Charlie et le centre de rétention pour mineurs

J'aime beaucoup les films de Tim Burton, et j'apprécie énormément l'acteur Johnny Depp (qui, parmi d'autres qualités, vit avec Vanessa Paradis pour laquelle j'ai une grande admiration depuis que je l'ai vue dans un superbe film de SF récent... Si, si, je suis sérieux !).

Donc j'ai profité de ce que je n'étais pas invité à la garden-party élyséenne pour aller voir Charlie et la chocolaterie. La bande-annonce m'avait laissé penser que c'était un film pour les enfants. Pas du tout. C'est un film contre les enfants.

Le mystérieux patron de la plus grande fabrique de chocolats du monde invite cinq enfants, choisis par concours, à visiter son étrange usine, peuplée de lutins chanteurs, d'animaux intelligents et autres merveilles (dont un appareil à téléportation qui ne dépareillerait pas à bord de l'Enterprise). Au cours de la visite, les charmants bambins vont être éliminés par là où ils ont péché : le boulimique est victime de la gourmandise, la bête à concours est piégée par son orgueil, etc.

On peut regretter un certain goût pour le cliché xénophobe bas du front : le gamin boulimique est forcément allemand et ses parents tiennent une charcuterie, l'anglaise a des dents de devant grandes comme des pelles à tartes et elle monte à poney,... à se demander si ce n'est pas le conseiller en communication de Chirac qui a écrit le scénario. Il ne manque que les «Chinois-fourbes-et-cruels», mais on est rassuré : il y a des sauvages au taux de mélanine élevé, et ils ont le rythme dans la peau.

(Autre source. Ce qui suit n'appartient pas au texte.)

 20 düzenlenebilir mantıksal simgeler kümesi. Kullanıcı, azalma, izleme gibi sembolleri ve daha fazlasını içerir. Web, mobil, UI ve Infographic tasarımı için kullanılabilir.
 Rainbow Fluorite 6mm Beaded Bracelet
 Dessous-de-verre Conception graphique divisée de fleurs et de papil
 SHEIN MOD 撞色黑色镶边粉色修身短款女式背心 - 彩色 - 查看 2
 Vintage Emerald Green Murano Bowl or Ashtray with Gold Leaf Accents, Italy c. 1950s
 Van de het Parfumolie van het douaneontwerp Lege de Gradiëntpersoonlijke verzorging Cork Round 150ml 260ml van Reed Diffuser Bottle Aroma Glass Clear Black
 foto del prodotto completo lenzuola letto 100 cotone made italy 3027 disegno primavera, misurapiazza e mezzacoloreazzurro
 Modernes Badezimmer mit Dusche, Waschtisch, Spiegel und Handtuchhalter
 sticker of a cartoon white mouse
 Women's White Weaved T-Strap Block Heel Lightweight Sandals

La première partie, qui raconte comment les cinq enfants trouvent les fameux « tickets d'or » cachés dans des barres de chocolat, fait froid dans le dos. On y découvre Charlie, héros archétypal pauvre comme un personnage de Dickens mais aimé par une famille adorable, et surtout soutenu par le sens du merveilleux d'un grand père plein de bonté. La quête que mène le garçon, avec ses rebondissements, ses espoirs et ses déceptions, dans une ville idéalisée sur laquelle tombe la neige des contes de Noël ressemble à toutes les quêtes d'histoires merveilleuses pour enfant. Mais ici, l'objet de la quête n'est pas un chaudron magique, un trésor ou une épée merveilleuse. Il s'agit d'un coupon publicitaire, le triste gadget sur lequel repose une gigantesque opération marketing. Notre société n'a plus que les quêtes qu'elle mérite...

Puis la visite de l'usine commence pour les cinq lauréats, emmenés par un Johnny Depp fabuleux. Dès son apparition, on est frappé par l'actualité du personnage : son look de mort-vivant androgyne, ses rapports très ambigus avec les enfants, mélange de séduction et de méchanceté, sa démarche de dandy elfique... Johnny Depp est-il en train de nous offrir une caricature de Michael Jackson ? L'ambiguïté de certains propos renforce cette impression. Quoiqu'il en soit, ce Willy Wonka a quelque chose de méphistophélique.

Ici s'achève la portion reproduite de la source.